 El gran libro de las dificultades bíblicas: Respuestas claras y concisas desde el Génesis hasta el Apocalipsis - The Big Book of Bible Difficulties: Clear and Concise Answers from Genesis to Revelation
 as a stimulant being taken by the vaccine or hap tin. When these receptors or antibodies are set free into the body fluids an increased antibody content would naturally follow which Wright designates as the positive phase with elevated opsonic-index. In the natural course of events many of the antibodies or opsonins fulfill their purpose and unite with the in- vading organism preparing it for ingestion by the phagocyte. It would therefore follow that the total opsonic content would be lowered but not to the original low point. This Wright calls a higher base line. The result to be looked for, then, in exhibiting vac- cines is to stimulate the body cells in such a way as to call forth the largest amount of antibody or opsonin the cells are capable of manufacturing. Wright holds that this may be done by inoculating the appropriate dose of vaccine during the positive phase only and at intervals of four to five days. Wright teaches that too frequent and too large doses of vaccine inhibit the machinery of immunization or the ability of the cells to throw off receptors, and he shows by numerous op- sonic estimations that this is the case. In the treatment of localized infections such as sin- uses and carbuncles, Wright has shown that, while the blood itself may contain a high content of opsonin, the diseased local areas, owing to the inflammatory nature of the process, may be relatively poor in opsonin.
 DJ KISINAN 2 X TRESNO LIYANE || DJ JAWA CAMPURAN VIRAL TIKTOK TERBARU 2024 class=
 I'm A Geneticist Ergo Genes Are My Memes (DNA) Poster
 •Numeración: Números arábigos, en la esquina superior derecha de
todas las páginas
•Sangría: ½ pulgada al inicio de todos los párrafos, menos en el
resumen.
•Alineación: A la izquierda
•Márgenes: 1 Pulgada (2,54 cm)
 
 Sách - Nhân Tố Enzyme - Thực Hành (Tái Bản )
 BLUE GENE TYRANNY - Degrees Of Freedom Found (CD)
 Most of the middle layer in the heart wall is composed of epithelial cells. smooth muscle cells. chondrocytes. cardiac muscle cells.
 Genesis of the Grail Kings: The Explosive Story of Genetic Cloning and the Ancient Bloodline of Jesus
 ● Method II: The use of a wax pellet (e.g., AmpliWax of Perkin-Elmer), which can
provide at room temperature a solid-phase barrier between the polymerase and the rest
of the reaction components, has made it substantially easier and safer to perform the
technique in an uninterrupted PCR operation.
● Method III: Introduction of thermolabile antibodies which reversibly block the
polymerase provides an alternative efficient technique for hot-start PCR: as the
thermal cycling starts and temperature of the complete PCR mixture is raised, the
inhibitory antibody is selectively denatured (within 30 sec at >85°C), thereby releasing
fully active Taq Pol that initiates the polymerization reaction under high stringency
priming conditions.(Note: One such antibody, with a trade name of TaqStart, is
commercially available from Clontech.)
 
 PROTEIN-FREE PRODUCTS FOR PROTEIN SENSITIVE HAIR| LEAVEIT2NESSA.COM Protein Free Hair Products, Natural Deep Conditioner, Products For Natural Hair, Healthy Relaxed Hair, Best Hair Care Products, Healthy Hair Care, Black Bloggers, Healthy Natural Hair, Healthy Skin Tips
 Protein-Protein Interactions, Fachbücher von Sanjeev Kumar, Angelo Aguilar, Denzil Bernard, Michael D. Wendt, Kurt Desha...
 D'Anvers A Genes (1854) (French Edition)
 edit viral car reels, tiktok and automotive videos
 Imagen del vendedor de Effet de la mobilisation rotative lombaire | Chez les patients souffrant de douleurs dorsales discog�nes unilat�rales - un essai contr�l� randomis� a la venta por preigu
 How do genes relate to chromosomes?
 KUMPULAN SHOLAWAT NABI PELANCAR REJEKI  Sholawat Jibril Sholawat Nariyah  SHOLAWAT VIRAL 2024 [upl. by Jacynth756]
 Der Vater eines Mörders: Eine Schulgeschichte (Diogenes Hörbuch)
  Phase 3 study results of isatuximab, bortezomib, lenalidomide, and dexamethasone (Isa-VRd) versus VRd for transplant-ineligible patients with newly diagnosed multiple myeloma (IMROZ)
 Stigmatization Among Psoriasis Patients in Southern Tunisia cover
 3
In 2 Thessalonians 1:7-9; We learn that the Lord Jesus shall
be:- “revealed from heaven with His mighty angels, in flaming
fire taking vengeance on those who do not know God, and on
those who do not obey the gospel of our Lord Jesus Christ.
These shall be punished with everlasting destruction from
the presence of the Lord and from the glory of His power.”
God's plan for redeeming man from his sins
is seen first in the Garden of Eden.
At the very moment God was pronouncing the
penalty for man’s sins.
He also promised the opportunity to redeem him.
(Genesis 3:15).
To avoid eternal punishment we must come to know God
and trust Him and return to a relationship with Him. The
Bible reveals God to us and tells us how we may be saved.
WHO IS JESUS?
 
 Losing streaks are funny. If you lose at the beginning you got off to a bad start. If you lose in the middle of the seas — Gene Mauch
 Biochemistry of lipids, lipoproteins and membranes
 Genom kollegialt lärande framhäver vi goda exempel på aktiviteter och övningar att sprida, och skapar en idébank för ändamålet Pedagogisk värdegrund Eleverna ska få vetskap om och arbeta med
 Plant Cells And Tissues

§ Required action
An exact, complete copy of the lines above from the one with "Pulgada (2,54 cm)" through the one with "provide at room" is the whole answer.

§ Response to the exercise
•Márgenes: 1 Pulgada (2,54 cm)
 
 Sách - Nhân Tố Enzyme - Thực Hành (Tái Bản )
 BLUE GENE TYRANNY - Degrees Of Freedom Found (CD)
 Most of the middle layer in the heart wall is composed of epithelial cells. smooth muscle cells. chondrocytes. cardiac muscle cells.
 Genesis of the Grail Kings: The Explosive Story of Genetic Cloning and the Ancient Bloodline of Jesus
 ● Method II: The use of a wax pellet (e.g., AmpliWax of Perkin-Elmer), which can
provide at room temperature a solid-phase barrier between the polymerase and the rest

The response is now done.